[Start of section]

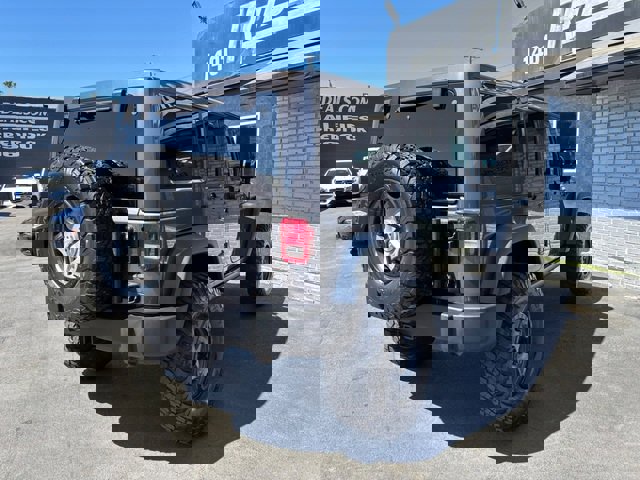 Used 2017 Jeep Wrangler Unlimited Rubicon w/ Connectivity Group image 25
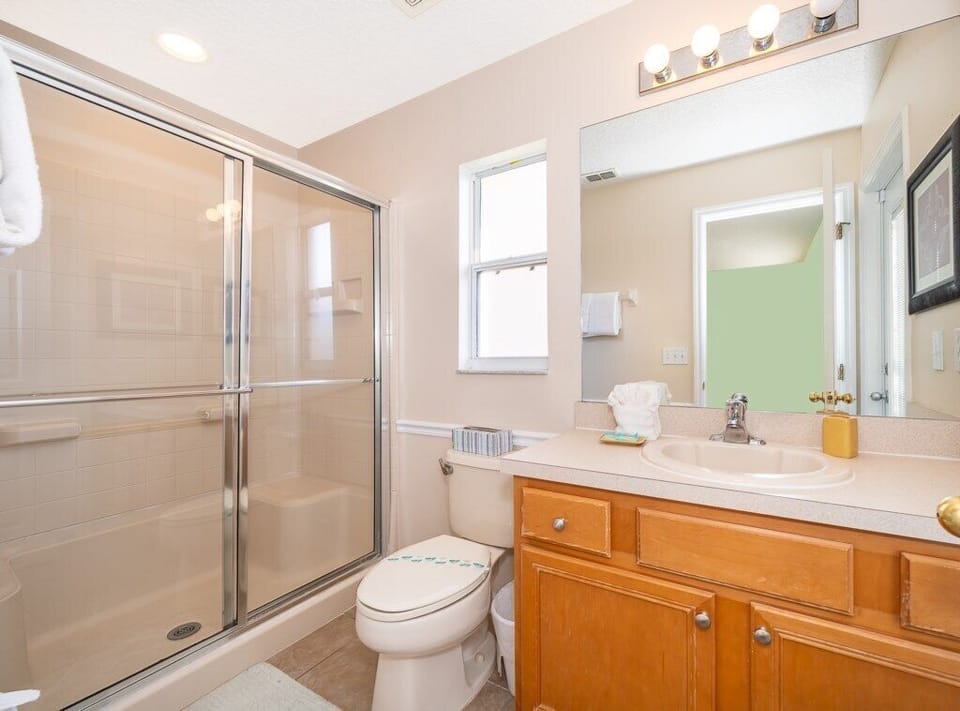 Maste en-suite bathroom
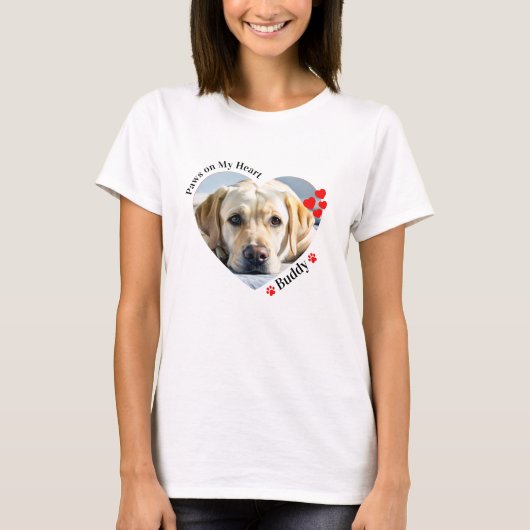Aangepaste Paws op mijn hart Hondenliefhebber Pet  T-shirt (Voorkant)
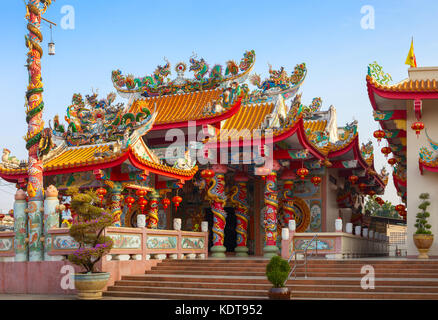 Il vecchio tempio Cinese alla mattina di sole a Mae Sot, provincia di Tak, occidentale della Thailandia. Foto Stock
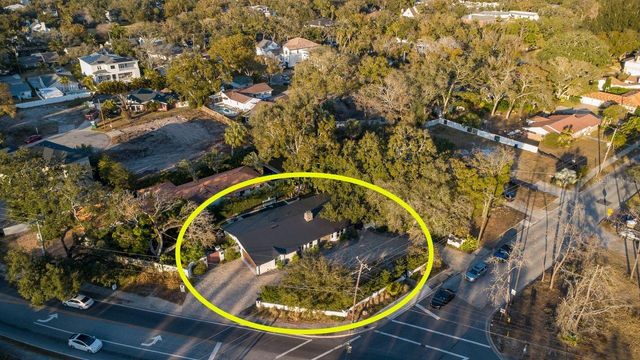 4715 W SAN JOSE STREET, Tampa, FL 33629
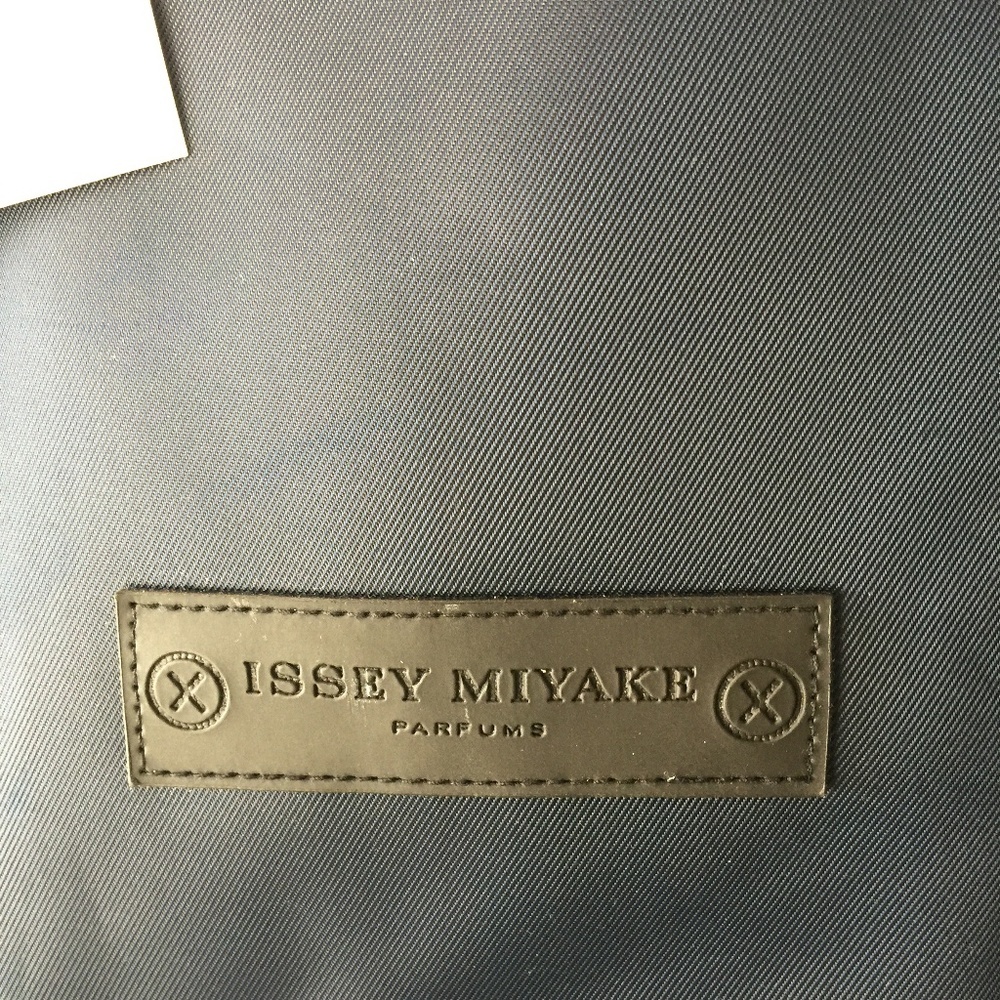Large Issey Miyake Navy Blue Travel Bag NWT - Picture 3 of 8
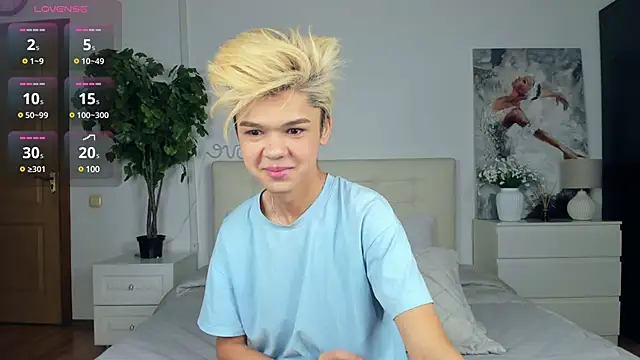 Snapshot of Felix_Rey chatting on March 2025 04:21:02 PM Felix Rey online show from March 2025 04:21:02 PM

[End of section]

A faithful copy of all the entries is required, pictures excluded.

 Used 2017 Jeep Wrangler Unlimited Rubicon w/ Connectivity Group image 25
 Maste en-suite bathroom
Aangepaste Paws op mijn hart Hondenliefhebber Pet  T-shirt (Voorkant)
 Il vecchio tempio Cinese alla mattina di sole a Mae Sot, provincia di Tak, occidentale della Thailandia. Foto Stock
 4715 W SAN JOSE STREET, Tampa, FL 33629
Large Issey Miyake Navy Blue Travel Bag NWT - Picture 3 of 8
 Snapshot of Felix_Rey chatting on March 2025 04:21:02 PM Felix Rey online show from March 2025 04:21:02 PM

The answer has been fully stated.